**Work task:** Below are entries; output exactly the lines from the one with "Screenshot of the" to the one with "Buy Aditi Tan Slippers Online at Snapdeal", both included, and nothing else.

**Data records:**

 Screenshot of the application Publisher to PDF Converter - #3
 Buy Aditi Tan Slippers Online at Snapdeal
--
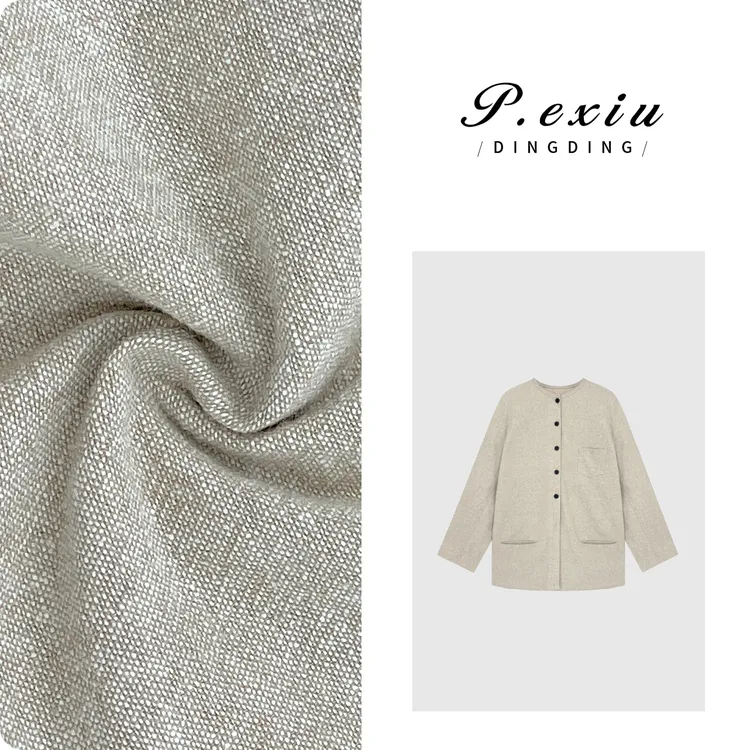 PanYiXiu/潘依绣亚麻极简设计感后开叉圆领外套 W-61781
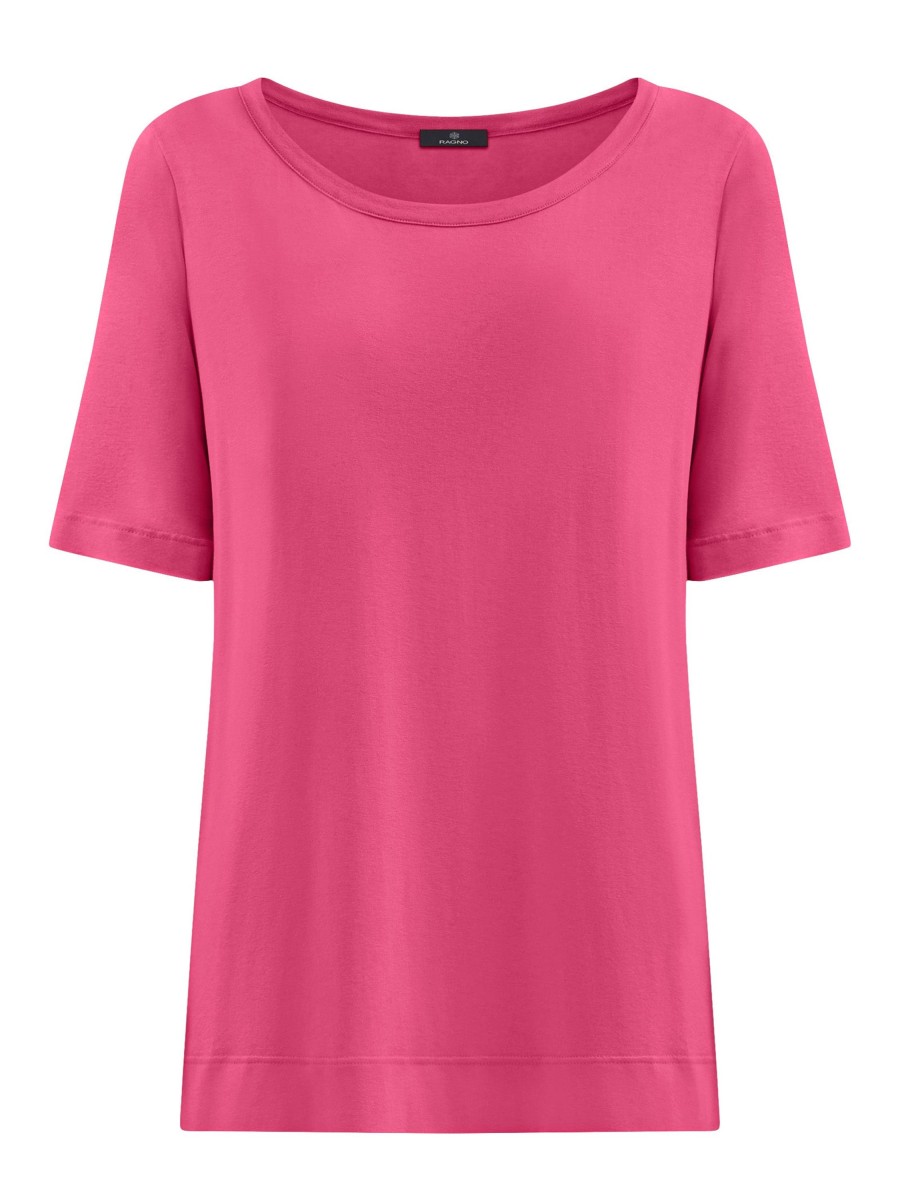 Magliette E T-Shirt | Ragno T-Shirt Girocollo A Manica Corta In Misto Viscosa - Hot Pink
==
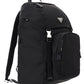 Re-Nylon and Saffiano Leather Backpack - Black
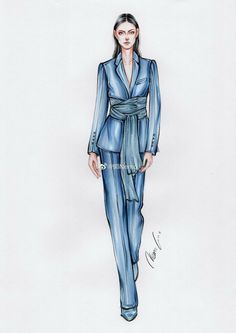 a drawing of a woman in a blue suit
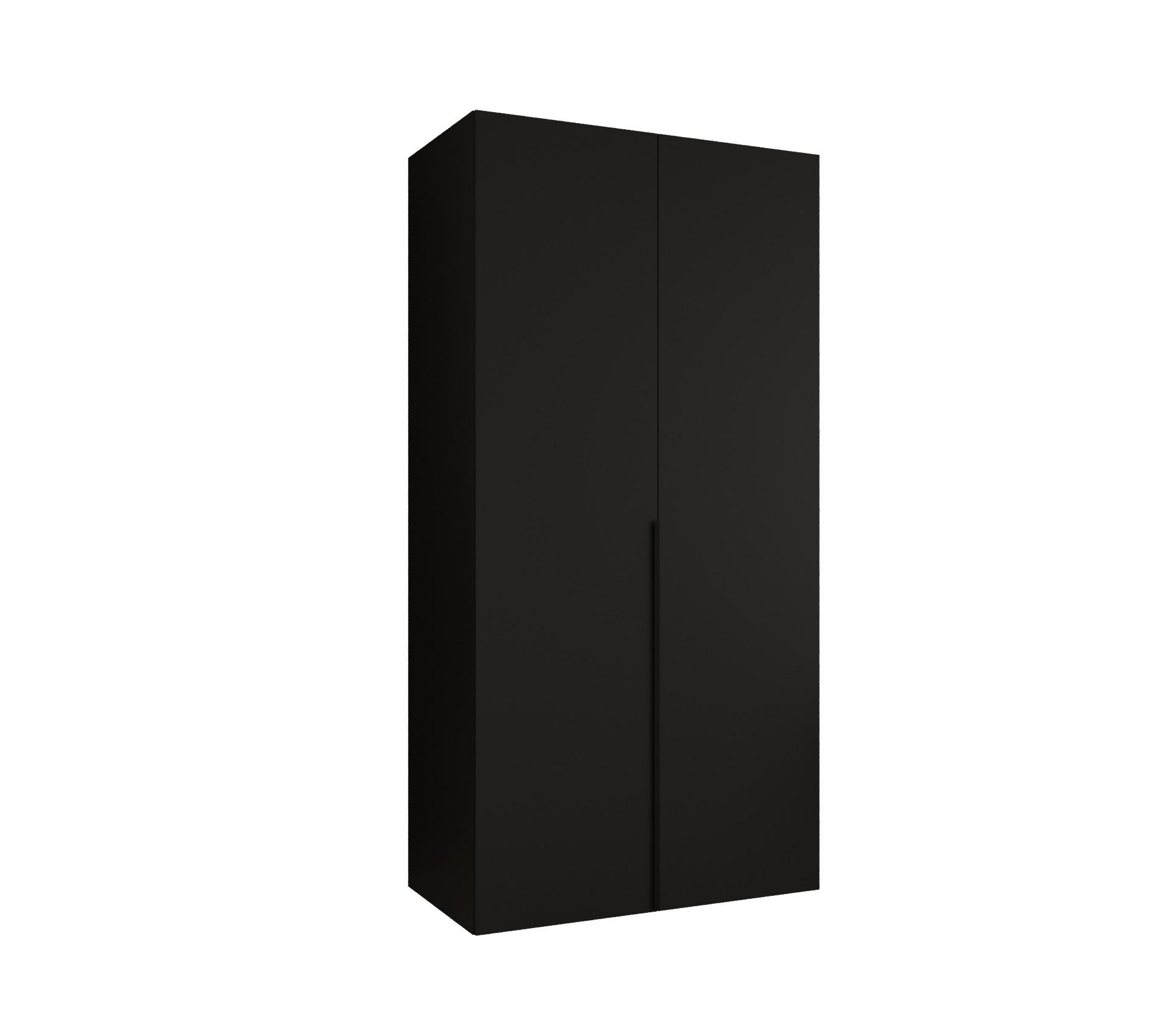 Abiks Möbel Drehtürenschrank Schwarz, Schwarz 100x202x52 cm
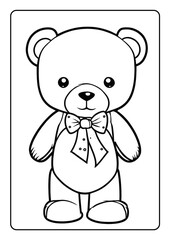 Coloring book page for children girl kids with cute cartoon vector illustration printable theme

**Answer below:**
 Screenshot of the application Publisher to PDF Converter - #3
 Buy Aditi Tan Slippers Online at Snapdeal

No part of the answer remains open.